Building containers from Conda/pip environments

Presenter: Christian Schou Oxvig (LUST & DeiC)

Extra materials

Remarks to things mentioned in the recording

ROCm compatibility

The compatibility situation is actually even more complicated than explained in this presentation. The kernel driver for the GPUs depends on certain kernel versions. The kernel version depends on the version of the management interface of LUMI. So basically to do the upgrade to the 5.7 driver we need to update nearly everything on LUMI.

Furthermore, we need to ensure that MPI also works. GPU-aware MPI also depends on versions of ROCm and driver. So before updating to a new ROCm version we also need versions of the HPE Programming Environment compatible with those ROCm versions or all users of traditional HPC simulation codes would be very unhappy. That is also a factor stopping the update, as the version that supports recent enough ROCm version has also come out just a few weeks ago. And breaks a lot of currently installed software...

Images in /appl/local/containers/sif-images

It is important to realise that the base images in /appl/local/containers/sif-images are symbolic links to the actual containers and they vary over time without warning. That may be a problem if you build on top of them, as all of a sudden things that you install on top of them may be incompatible with new packages in that container. So if you do that (topic of the next presentation) it is better to make a copy of the container and use that one.

EasyBuild actually gets its container images from /appl/local/containers/easybuild-sif-images which contains copies from the container images as they were when the corresponding EasyConfig was created so that an EasyConfig with a given name will always use the same module. This to improve reproducibility. E.g., some more recent containers did require changes to the module to simulate the effect of $WITH_CONDA by injecting environment variables in the container.

It is possible to extend an existing container with a virtual environment (topic of the next presentation) and automate that with EasyBuild, but it is complex enough that it might require help from someone with enough EasyBuild experience. An example is this EasyConfig but this is not something that an unexperienced user should try to create.

What does the tool provided by lumi-container-wrapper do?

The lumi-container-wrapper provides a tool that enables to do some pip and conda installations in a file system friendly way.
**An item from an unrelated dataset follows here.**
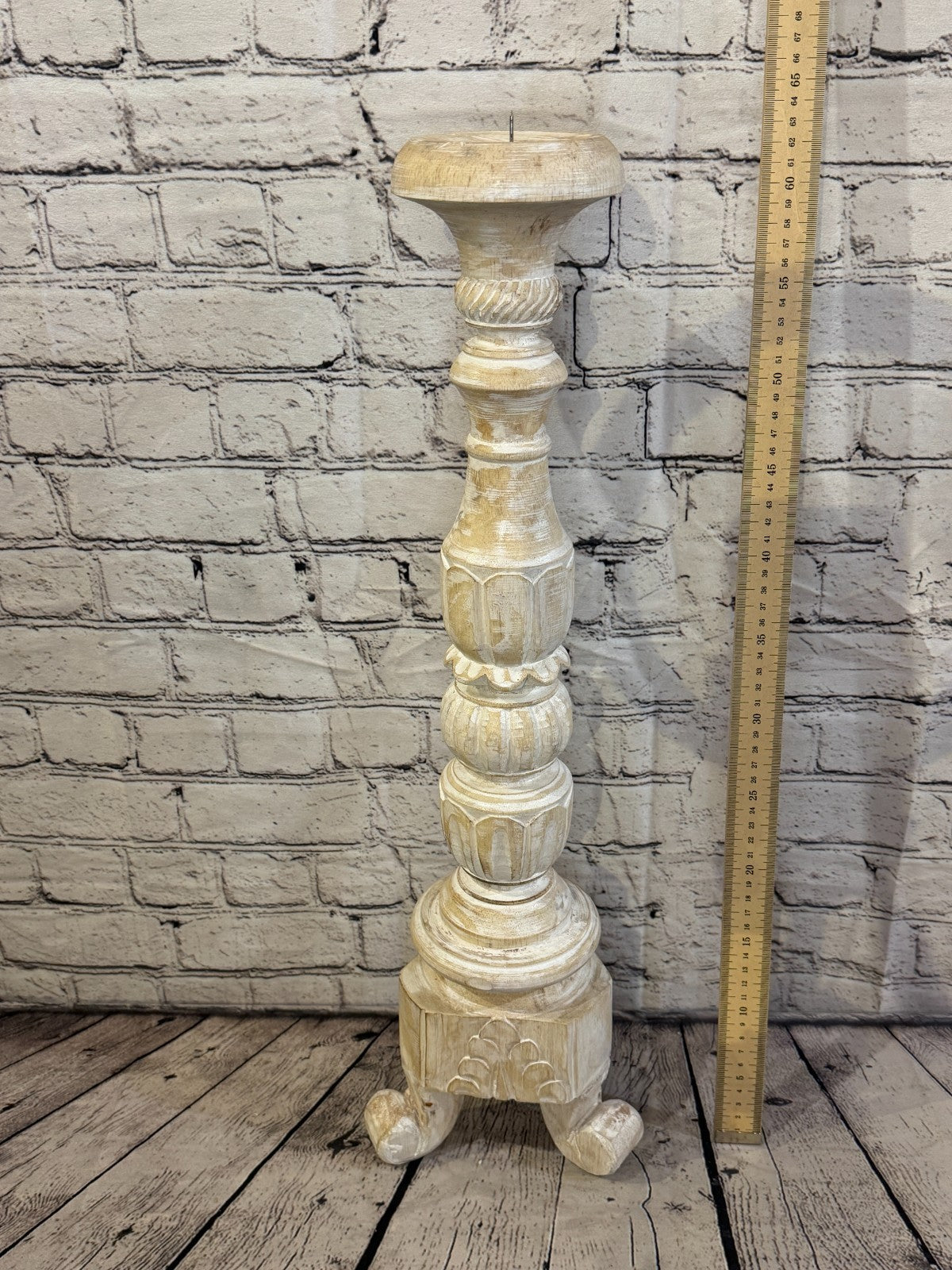 60cm x 15cm White Regal Wooden Vintage Style Candle Stand Shabby Pillar Holders3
It also uses a base container but that one does not have a ROCm in it so it is of little use for AI software unless you can use the ROCm from the system. It basically does not change the base container, but installs the software in a separate SquashFS file. Furthermore, for each command it can find in the container, it will create a wrapper script outside the container that will call singularity with the right bindings to run that command in the container. It is actually rather hard to start the container "by hand" using the singularity command as you will also have to create the right bindmount for the SquashFS file containing the actual software installation.

The cotainr tool on the other hand will take the selected base image and build a new container from it that can be used the way containers are normally used.

Q&A

  1. About installing environments/packages: How about if I work in a jupyter notebook for exploration and testing of data and algorithms and need some quite specific packages? Can I also not install them in that case?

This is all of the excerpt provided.